The Third Fundamental Axiom for Business Strategy is to Create a Solution
There is the old proverb that if you build a better mousetrap, the world will beat a path down to your door to find it. In many ways, this proverb still holds true but it needs to be qualified. If you build a better mousetrap when the world has a mouse problem, the world will beat a path down to your door.
We buy from businesses when it solves a problem for us. My clients come to me because they have a problem learning and relearning marketing in this fractured marketing economy (Google, Facebook, TV, Radio, landing pages, websites, lead funnels, inbound, local packs, SEO, SEM, SMM, ROI, CPC, CAC, ETC.) But, a solution without a problem is not a solution. It is a nuisance.
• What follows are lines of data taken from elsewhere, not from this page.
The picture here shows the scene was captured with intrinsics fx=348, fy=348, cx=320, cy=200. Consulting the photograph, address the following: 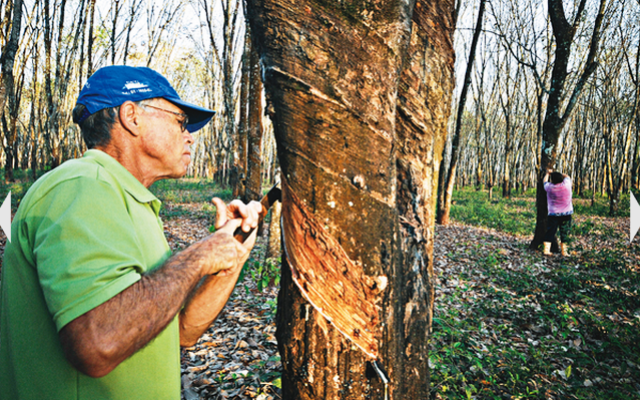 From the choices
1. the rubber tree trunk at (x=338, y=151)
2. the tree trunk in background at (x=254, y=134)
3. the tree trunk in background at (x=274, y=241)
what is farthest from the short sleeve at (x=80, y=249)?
the tree trunk in background at (x=254, y=134)

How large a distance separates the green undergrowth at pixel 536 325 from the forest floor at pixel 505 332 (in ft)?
0.05

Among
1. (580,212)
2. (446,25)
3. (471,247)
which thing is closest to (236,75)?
(471,247)

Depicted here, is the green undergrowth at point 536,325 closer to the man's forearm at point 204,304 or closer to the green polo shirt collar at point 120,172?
the man's forearm at point 204,304

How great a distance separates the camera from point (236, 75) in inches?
883

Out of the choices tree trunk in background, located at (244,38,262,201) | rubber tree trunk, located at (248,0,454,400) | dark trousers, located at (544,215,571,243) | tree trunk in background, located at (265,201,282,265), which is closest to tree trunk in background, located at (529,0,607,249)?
dark trousers, located at (544,215,571,243)

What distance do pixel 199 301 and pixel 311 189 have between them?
0.92 meters

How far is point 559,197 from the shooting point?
8633 mm

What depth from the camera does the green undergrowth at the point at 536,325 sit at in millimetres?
3518

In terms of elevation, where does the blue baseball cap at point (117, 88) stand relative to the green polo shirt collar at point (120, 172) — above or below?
above

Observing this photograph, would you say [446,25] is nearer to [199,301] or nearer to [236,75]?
[199,301]

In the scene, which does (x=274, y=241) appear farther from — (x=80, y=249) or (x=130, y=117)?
(x=80, y=249)

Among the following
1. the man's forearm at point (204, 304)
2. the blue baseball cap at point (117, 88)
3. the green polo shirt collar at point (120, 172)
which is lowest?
the man's forearm at point (204, 304)

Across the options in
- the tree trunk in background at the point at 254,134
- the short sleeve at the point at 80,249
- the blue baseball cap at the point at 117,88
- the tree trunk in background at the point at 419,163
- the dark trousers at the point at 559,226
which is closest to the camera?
the short sleeve at the point at 80,249

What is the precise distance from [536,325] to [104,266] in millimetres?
5695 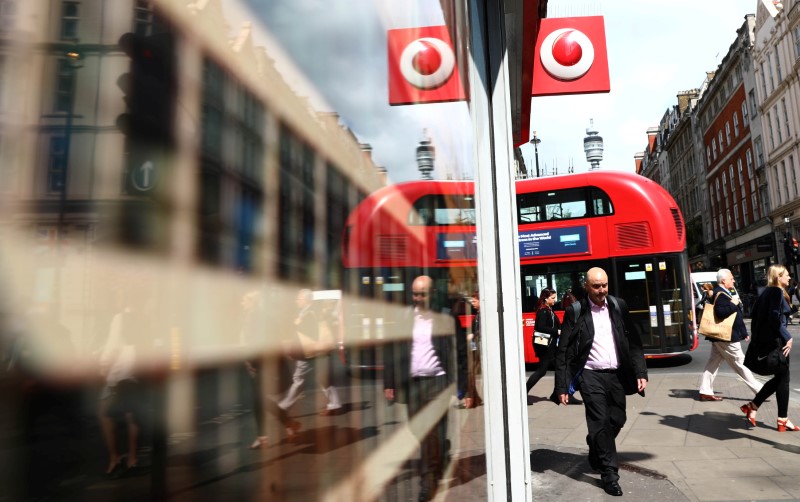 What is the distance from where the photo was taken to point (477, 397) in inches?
103

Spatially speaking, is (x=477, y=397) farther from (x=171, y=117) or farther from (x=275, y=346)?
(x=171, y=117)

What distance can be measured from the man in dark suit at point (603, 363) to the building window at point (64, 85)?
4087mm

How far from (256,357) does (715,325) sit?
6.59 metres

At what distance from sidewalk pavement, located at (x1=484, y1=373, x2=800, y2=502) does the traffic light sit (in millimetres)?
3842

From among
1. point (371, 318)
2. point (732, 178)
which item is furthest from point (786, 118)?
point (371, 318)

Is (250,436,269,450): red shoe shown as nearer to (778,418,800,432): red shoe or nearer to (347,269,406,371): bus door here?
(347,269,406,371): bus door

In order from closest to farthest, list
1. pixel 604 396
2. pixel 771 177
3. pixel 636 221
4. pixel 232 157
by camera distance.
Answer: pixel 232 157, pixel 604 396, pixel 636 221, pixel 771 177

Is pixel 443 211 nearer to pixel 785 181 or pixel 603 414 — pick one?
pixel 603 414

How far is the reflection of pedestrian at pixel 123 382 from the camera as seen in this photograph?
35cm

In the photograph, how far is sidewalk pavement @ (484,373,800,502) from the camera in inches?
149

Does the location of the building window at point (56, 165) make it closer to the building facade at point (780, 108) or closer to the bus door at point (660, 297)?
the bus door at point (660, 297)

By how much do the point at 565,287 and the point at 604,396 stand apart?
21.1ft

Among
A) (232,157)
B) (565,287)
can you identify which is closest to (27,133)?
(232,157)

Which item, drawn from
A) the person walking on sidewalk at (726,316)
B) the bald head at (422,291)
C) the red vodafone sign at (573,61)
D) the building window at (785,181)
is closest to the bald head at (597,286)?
the red vodafone sign at (573,61) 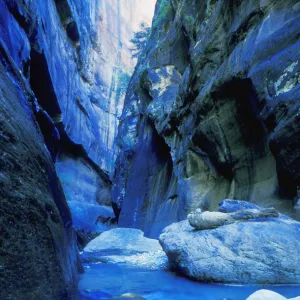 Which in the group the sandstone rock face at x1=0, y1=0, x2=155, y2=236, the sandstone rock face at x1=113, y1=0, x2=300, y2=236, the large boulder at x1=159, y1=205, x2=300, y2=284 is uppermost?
the sandstone rock face at x1=0, y1=0, x2=155, y2=236

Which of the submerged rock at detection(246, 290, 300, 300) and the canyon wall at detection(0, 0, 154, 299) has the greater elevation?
the canyon wall at detection(0, 0, 154, 299)

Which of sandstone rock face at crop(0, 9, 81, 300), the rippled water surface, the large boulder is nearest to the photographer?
sandstone rock face at crop(0, 9, 81, 300)

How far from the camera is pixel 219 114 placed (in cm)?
886

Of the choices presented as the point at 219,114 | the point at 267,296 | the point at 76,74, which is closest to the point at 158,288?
the point at 267,296

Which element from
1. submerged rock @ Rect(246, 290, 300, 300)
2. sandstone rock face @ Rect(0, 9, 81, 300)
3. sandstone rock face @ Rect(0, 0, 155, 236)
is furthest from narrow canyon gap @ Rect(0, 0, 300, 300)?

If you are going to be in business, you need to create solutions for problems. When Walmart attempted to increase their organic and premium products but fell behind Amazon on online convenience and affordability, it slowed their tremendous growth from the 90’s down significantly. Walmart’s customers did not have a problem with getting premium and organic products, they were perfectly content without them.
In the same way, Amazon is having difficulty breaking into the Egyptian market, because customers in the cities (and Egypt’s population of 100 million people live primarily in cities) already have access to convenient ordering and delivery. If you don’t want to go out to the grocery store on the corner, call them and they will send someone to take your order and then deliver it to you (granted, you have to tip both order taker and delivery guy, but hey convenience!).
In order for you to create a solution, you have to listen to your customers and your market, and create products that they are interested in.
When you are committed to staying in business, know your customers, and create a solution for their needs, any strategy that meets these axioms will help you build a better business that will help more people tomorrow than it did today.